VacationForever said:


> You have based your assumption on the hotel reporting your review to the group leader.  It appears to me that it is quite likely the group leader or someone in the group read the review and reported to the group leader instead of the hotel reporting to the group leader.  You mentioned that you had spoken to 4 people about it.  I do not know if you had spoken to any of the attendees about the issues.  It would not surprise me that it was someone in the group or the group leader who was aware of the issues that you were facing and put 2 and 2 together and identified you as the one who posted the TA review.



I had spoken to 4 hotel employees. I actually never spoke to anyone at the conference about my problems. Frankly, after I got some food and rest and I wrote the TA review, I was done with it.


----------



## TravelTime (Feb 25, 2019)

DeniseM said:


> TravelTime - It was hard for us to provide a meaningful response, when we didn't have all the facts.  The statement you posted and later redacted about "ruin someone's career," was misleading.
> 
> Connecting the dots, it appears that you were at a conference at a hotel, which you paid for yourself.
> 
> ...



Yes Denise your description is accurate.


----------



## TravelTime (Feb 25, 2019)

By the way, this is an aside...I learned at the travel conference that many people spend 6 figures in 1 vacation. I heard stories of 6 figure vacations for a group of 4. This makes Marriott Vacation Club seem cheap!


----------



## Panina (Feb 25, 2019)

TravelTime said:


> By the way, this is an aside...I learned at the travel conference that many people spend 6 figures in 1 vacation. I heard stories of 6 figure vacations for a group of 4. This makes Marriott Vacation Club seem cheap!


I been seeing prices like that more and more at places I travel.  In prime areas and prime time it becomes very expensive for lodging.  This year when I paid my mfs I kept thinking how lucky I am that I figured out to go on all my timeshares for what many pay for one vacation or two vacations.


----------



## taffy19 (Feb 26, 2019)

davidvel said:


> That being said, TA is a joke, as many have noted. They don't post factual posts about people being injured, or other major issues. They simply don't post them. They are not independent and work hand in hand with hotels and resorts selling rooms for them.
> 
> My biggest gripe is that the OP complains about what TA did, but she took down her post because of a comment from the event organizer.  This directly affects the integrity of the TA reviews. I hope she puts her review back up.


I so agree with you.

I know someone who writes many reviews for TA and she was asked to delete one review because it hurt one of their hotels that books through them.  They are not independent.

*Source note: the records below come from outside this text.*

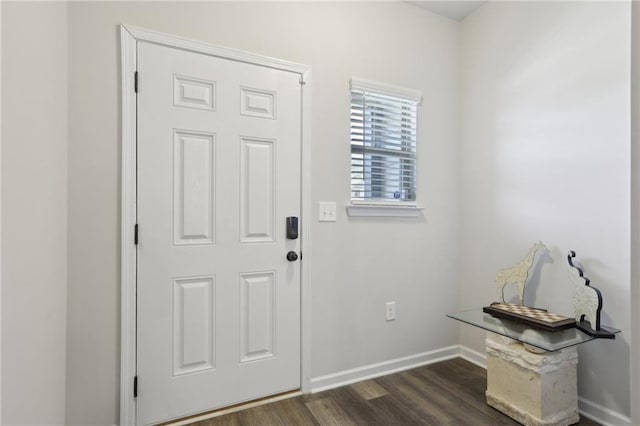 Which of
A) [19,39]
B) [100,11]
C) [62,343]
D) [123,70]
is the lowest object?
[62,343]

I would rather read a review on the TUG board but mostly read the comments in the regular threads as they are more spontaneous, IMO.


----------



## Dean (Feb 26, 2019)

TravelTime said:


> By the way, this is an aside...I learned at the travel conference that many people spend 6 figures in 1 vacation. I heard stories of 6 figure vacations for a group of 4. This makes Marriott Vacation Club seem cheap!





Panina said:


> I been seeing prices like that more and more at places I travel.  In prime areas and prime time it becomes very expensive for lodging.  This year when I paid my mfs I kept thinking how lucky I am that I figured out to go on all my timeshares for what many pay for one vacation or two vacations.


While I agree that Marriott and other timeshares CAN be a savings, they often are not.  One common mistake I see is assuming the price of maintenance fees as the total cost of the lodging.  Another and even worse approach some take is forgetting there are other costs besides just the lodging and that in many cases, the timeshare forces other costs like airfare.


----------



## mav (Feb 26, 2019)

When I want to check reviews on a hotel I look up the hotel on Booking.com  You have to have stayed there to even post a review on their  website.  I have never heard of review problems with them, and I have booked hotels in Germany, Austria, and other European hotels thru. them and left reviews of my own on their website. I tend to look at TA with a funny eye after hearing reports of problems with them, fake reviews, etc.


----------



## dayooper (Feb 26, 2019)

Dean said:


> While I agree that Marriott and other timeshares CAN be a savings, they often are not.  One common mistake I see is assuming the price of maintenance fees as the total cost of the lodging.  Another and even worse approach some take is forgetting there are other costs besides just the lodging and that in many cases, the timeshare forces other costs like airfare.



Eh, I spent my $1050 MF, my $176 HGVC club dues plus the $65 club booking fee for a grand total of $1291 for a week at HGVC’s Ocean 22. I know that there’s the cost of the TS ($4500 plus fees), but that will be spread out over several years. I want to go on vacation anyway so it saved money there. Yes there is potential air fare costs (not for this trip, although we are renting a Suburban for our drive), but if we were going there, or somewhere like it, we would be flying anyway.

In all reality, it someday might cost us more, but the savings isn’t the reason we bought. We bought so it would make it easier to plan for a vacation. We have all of these grand ideas that never came to fruition because something always got in the way. We planned this vacation in October for next June and it’s in the book (and everyone else’s). The hardest part is waiting 9 months to go on your vacation once it’s planned out!


----------



## BocaBoy (Feb 26, 2019)

DeniseM said:


> Your story keeps changing - that hurts your credibility.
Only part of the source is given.